Direct Numerical Simulation of turbulent channel flow on Intel Xeon PHI (KNL) architecture

Documento completo qui

Luca Guastoni

This work explores the optimization potential of an existing code for the Direct Numerical Simulation (DNS) of a turbulent plane channel flow. Two implementations in different programming languages (CPL and Fortran) have been adapted to Intel Xeon Phi processor (Knights Landing), a platform with many integrated cores (MIC) and specialized vector hardware.

The purpose of this study is to provide an example of the performance attainable on this processor, using a code that was originally conceived for a different architecture.

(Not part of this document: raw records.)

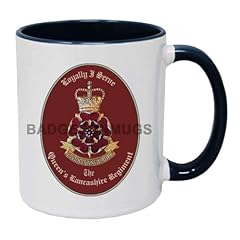 Badges mugs queen for sale  Delivered anywhere in UK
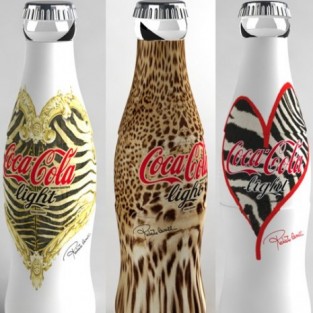 coca cola от Роберто Кавалли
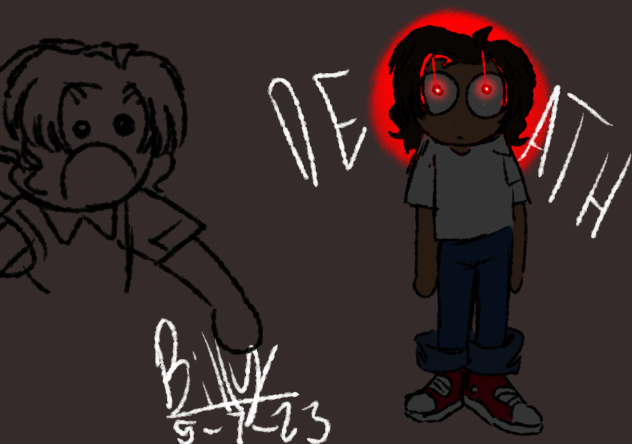 Benji doodles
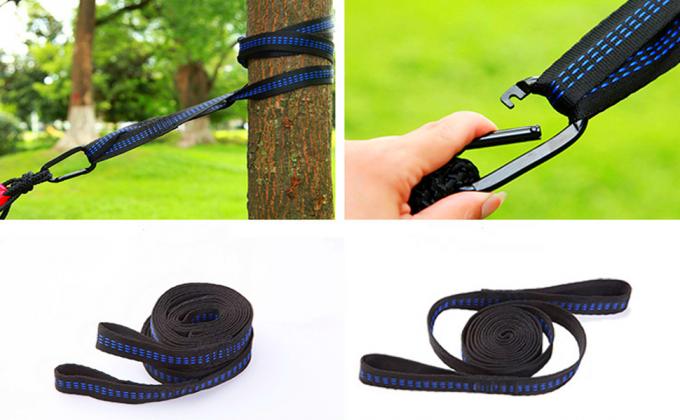 Hammock with mosquito net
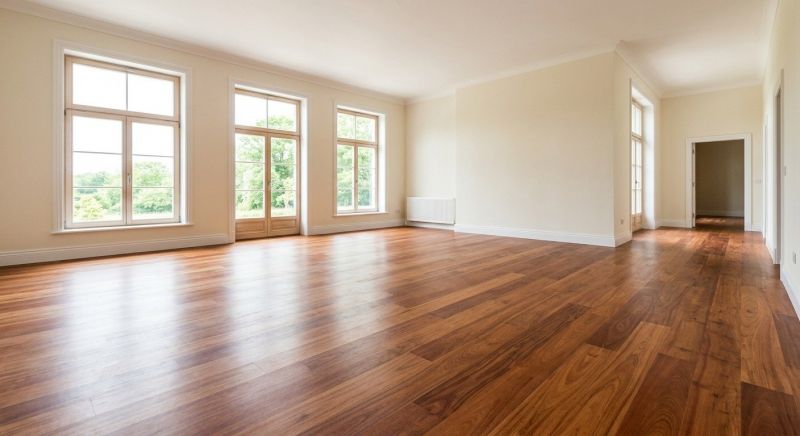 Wood Flooring Replacement in Longmont, CO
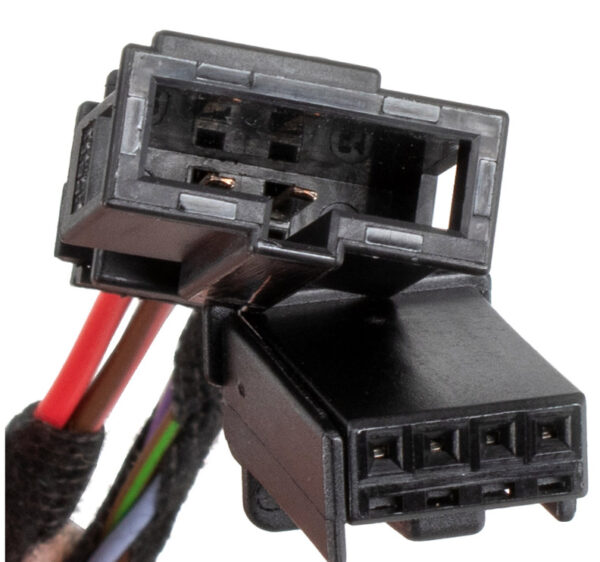 NEW SKODA SUPERB MK2 3T FRONT LEFT DOOR WIRING SET LHD 3T1971120FP ORIGINAL - Image 6
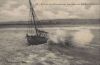 Le Treport - Frankreich - Bateau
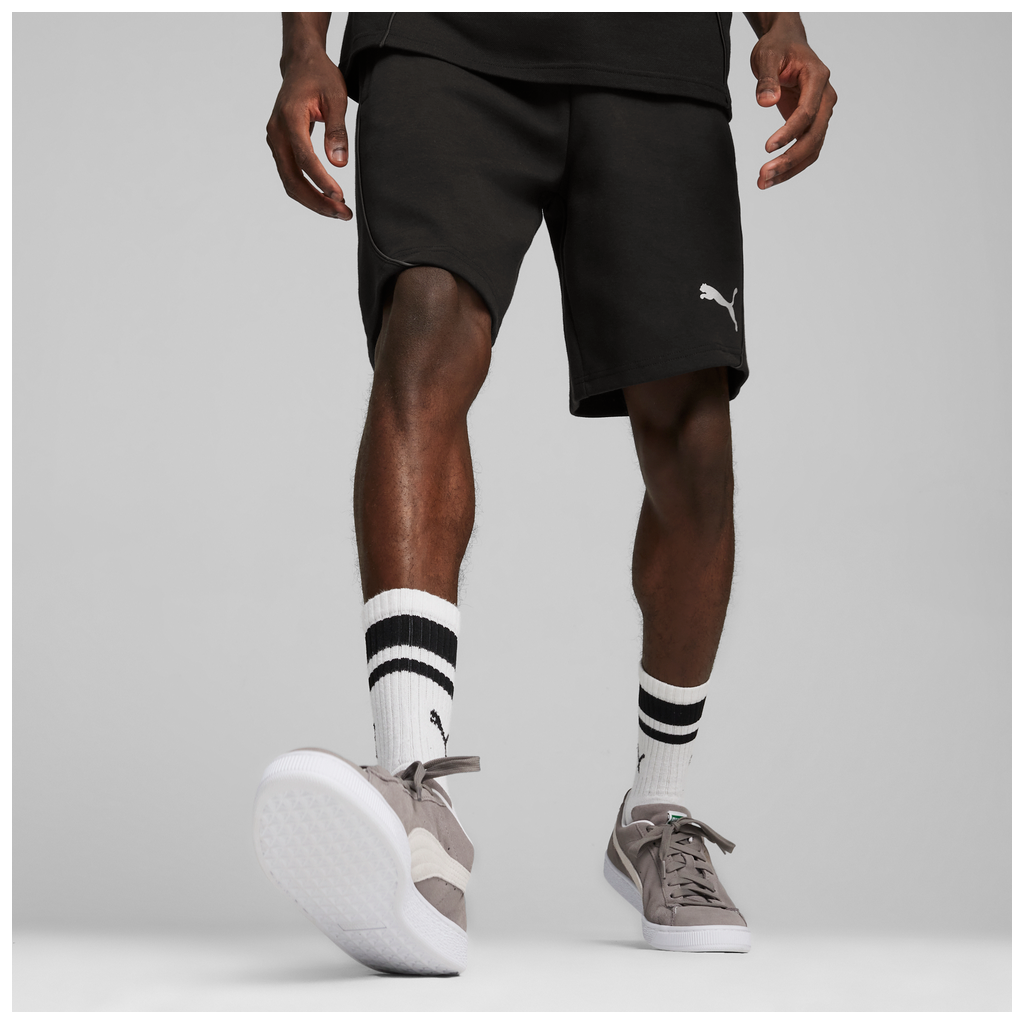 Teamfinal Casuals Shorts Schwarz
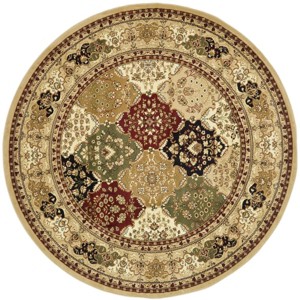 Lyndhurst LNH221 Power Loomed Rugs - Safavieh - 1 of 4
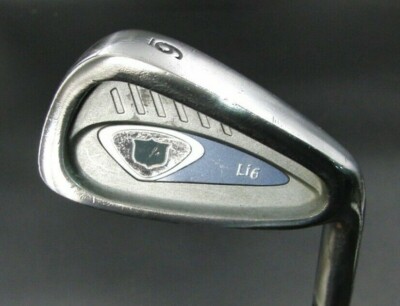 Ladies Wilson Staff Li6 6 Iron Ladies Graphite Shaft Wilson Staff Grip ...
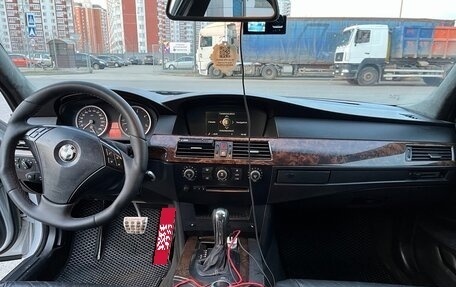 BMW 5 серия, 2003 год, 850 000 рублей, 20 фотография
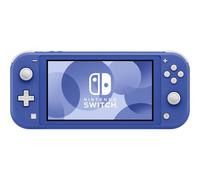 Nintendo Switch Lite console da gioco portatile 14 cm (5.5'') 32 GB Touch screen Wi-Fi Blu Nintendo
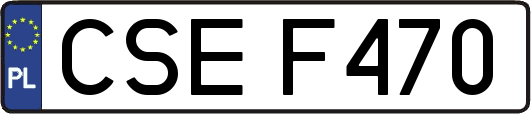 CSEF470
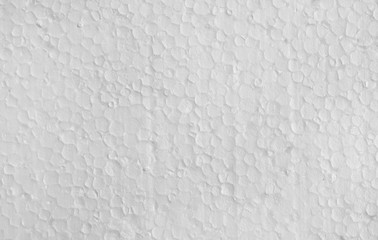 Styrofoam, background texture. - obrazy, fototapety, plakaty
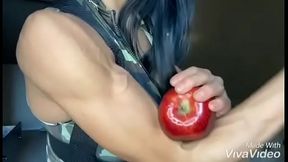 Miss Marcie - The Fruit Crusher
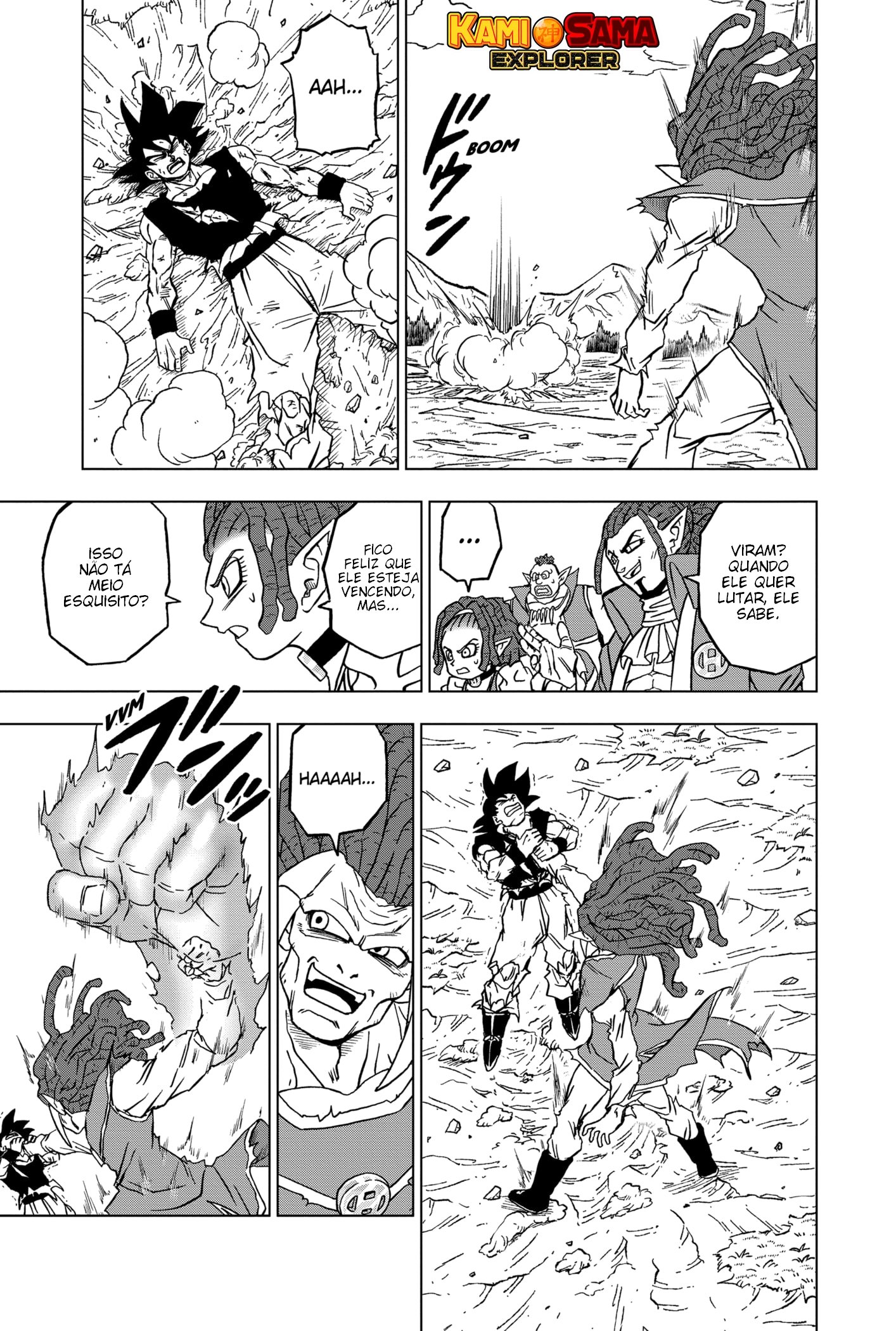 Read Dragon Ball Super pt_BR Manga Online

The code written for general-purpose computers can be run without recompilation on Intel Xeon Phi, however adjustments are required to achieve a satisfactory performance and to fully exploit the hardware resources of the processor. To this aim, different optimization techniques, such as the addition of compiler directives and the modification of the data layout in memory, are described and used.

The single-threaded performance of the two implementations is optimized and the improvement is measured. The efficiency of the different parallelization methods in the code is discussed and a second layer of parallelism is implemented in the Fortran version. Finally, the code is tested also on Intel Xeon E5-2697 v4 (Broadwell) processor, providing a frame of reference to evaluate the performance of Knights Landing against multi-core architectures that are used in supercomputing centers, where KNL is gaining acceptance.